From Iran to North Korea, sanctions are Trump’s weapons of choice – but is it a tactical blunder to fire them so freely?
Critics say that overuse of sanctions deters allies from engaging with the American financial system and potentially undercuts the US dollar
February was a typically busy month for US officials who announce government sanctions.
One package of measures issued by the Treasury Department targeted North Korea, with dozens of ships, companies and other entities cited for shipping coal and fuel to the country in violation of previous sanctions.
Before the month was over, sanctions had also been slapped on Colombian drug traffickers, smugglers of Libyan oil and individuals accused of sex abuse and recruiting child soldiers in Congo.
More sanctions rained down on abettors of various terrorist groups in Pakistan, Somalia and the Philippines, plus Hezbollah in Lebanon. And the State Department added to its list of designated terrorist groups organisations in the Philippines, West Africa, Bangladesh and Burkina Faso.
Most months nowadays, the United States issues a similar barrage of sanctions, as the Trump administration pursues an aggressive strategy of using economic tools instead of military might against foes.
The sanctions that attract the most attention have been aimed at governments threatening US national security interests, including North Korea, Iran and Russia. But increasingly, sanctions are being used to counter other kinds of destabilising behaviour.
Sanctions have been around since the earliest years of the United States, but they have been used more frequently since the attacks of September 11, 2001. They are seen as a potent tool to cut off terrorists and their financiers from access to the international financial system, as well as a way to crack down on human rights abuses and corrupt leaders.
But the reliance on them has led to concerns that they are being overused as the foreign policy of first resort, hurting US credibility among allies who complain that they are being forced to bow to US policies and potentially undercutting the US dollar.
Administration officials dismiss the criticism, saying they have proved effective in convincing nations like Iran and North Korea to agree to negotiate their nuclear weapons programmes.
“No doubt, we are strategic and thoughtful about how we deploy these tools,” said Sigal Mandelker, undersecretary for terrorism and financial intelligence at the Treasury Department, citing human rights and corruption cases as areas where sanctions can change behaviour. “When you think of the atrocities happening, and you know leaders are trying to steal the wealth of their citizens, how can you not cut them off from the financial system?”
According to an analysis by the law firm Gibson Dunn, the administration blacklisted nearly 1,000 people and entities last year.
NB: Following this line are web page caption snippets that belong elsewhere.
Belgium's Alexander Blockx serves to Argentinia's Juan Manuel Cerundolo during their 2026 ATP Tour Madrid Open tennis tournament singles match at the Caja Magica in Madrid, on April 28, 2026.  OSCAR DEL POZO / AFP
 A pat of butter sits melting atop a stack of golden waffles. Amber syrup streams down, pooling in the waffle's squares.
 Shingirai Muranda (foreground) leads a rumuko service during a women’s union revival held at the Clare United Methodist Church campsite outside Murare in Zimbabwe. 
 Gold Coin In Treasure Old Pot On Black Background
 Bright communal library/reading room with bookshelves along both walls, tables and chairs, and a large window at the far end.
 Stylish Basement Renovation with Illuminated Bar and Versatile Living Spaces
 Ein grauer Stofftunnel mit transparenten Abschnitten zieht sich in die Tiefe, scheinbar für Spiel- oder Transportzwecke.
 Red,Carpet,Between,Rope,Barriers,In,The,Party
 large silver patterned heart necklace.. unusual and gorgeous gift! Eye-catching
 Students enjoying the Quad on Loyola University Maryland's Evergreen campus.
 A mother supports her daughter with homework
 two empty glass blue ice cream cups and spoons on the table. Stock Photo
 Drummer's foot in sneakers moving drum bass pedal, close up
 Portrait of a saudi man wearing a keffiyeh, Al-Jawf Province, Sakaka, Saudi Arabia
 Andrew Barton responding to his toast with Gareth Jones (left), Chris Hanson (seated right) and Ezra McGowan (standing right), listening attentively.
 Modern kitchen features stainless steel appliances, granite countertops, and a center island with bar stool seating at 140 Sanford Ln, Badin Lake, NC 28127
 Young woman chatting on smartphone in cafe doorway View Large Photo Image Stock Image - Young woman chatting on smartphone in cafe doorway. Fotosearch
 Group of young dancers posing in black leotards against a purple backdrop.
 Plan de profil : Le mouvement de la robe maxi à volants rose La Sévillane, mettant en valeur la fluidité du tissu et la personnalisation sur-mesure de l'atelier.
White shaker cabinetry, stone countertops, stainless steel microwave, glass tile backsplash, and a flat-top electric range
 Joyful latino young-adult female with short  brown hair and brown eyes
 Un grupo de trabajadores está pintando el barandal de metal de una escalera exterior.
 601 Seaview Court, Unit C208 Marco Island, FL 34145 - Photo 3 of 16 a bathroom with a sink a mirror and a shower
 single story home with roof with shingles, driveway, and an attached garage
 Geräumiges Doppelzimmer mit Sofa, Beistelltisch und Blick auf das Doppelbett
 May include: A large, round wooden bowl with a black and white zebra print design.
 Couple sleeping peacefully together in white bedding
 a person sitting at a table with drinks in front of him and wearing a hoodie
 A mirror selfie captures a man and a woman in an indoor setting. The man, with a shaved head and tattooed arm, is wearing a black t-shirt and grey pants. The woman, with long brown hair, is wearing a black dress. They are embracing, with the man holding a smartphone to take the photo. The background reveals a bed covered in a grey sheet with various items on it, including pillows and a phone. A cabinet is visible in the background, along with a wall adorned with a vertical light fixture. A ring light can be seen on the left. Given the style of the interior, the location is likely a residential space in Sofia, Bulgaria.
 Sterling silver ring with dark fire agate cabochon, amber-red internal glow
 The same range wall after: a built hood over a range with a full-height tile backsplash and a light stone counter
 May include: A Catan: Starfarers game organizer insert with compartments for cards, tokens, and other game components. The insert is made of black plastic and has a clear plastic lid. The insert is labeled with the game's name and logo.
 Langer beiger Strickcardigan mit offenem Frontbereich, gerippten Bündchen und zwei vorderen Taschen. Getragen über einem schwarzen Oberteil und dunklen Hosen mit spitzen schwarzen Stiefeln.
That is 30 per cent more than were added in Barack Obama’s last year in office, and triple the number blacklisted during his first year.
“Being designated under sanctions is the economic equivalent of the death penalty,” said Judith Alison Lee, co-chair of the firm’s International Trade Practice Group “It is so seductive for any administration to use sanctions, because they don’t require any prior notice, they don’t require any judicial review and they’re effective immediately. For this particular president, with his personality, it’s extremely seductive.”
US sanctions are the most powerful in the world, largely because so many international transactions, from banking to oil, are conducted in US dollars.
But critics say the expansion of sanctions by the administration and Congress threatens to undermine their effectiveness.
In a 2016 speech, former treasury secretary Jack Lew cautioned against their overuse. “Sanctions overreach,” he said, risk pushing businesses away from the US financial system, and could erode the power of the dollar as the pre-eminent currency.
Some say the United States is already well into overreach territory with the list of individuals and entities sanctioned running more than 1,100 pages. It is possible to be delisted, but far more names are being added than subtracted.
The frustration among many US allies over the use of sanctions could make it more difficult to form coalitions like the multilateral consensus that brought Iran to talks about its nuclear programme. Down the road, critics say, it could cause some nations to look for alternatives to the US dollar.
Relations between the United States and Europe are expected to come under a strain when the first nuclear-related financial sanctions suspended under the 2015 Iran deal are restored on Monday, as US President Donald Trump ordered when he withdrew from the agreement in May.
The Europeans – including France, Britain and Germany, three of the countries that negotiated the deal alongside the United States – consider the agreement vital to their security and have vowed to abide by their commitments despite the US withdrawal.
More tension is likely on November 4, when other USsanctions will be reimposed that prohibit oil purchases from Iran, which form the backbone of its economy. That could nudge Iran into withdrawing from the deal, too.
“In the Iran case, the United States is damaging sanctions as a tool of statecraft,” said Kelsey Davenport, an Arms Control Association analyst who supports the agreement known as the Joint Comprehensive Plan of Action (JCPOA), in which Iran limited its nuclear programme in exchange for sanctions relief.
“The United States has put a lot of states between a rock and a hard place. They’re obliged by the US Security Council resolution endorsing the deal to support the JCPOA. But they have the US threatening to impose penalties if they don’t abide by US sanctions. It has aggravated the animosity.”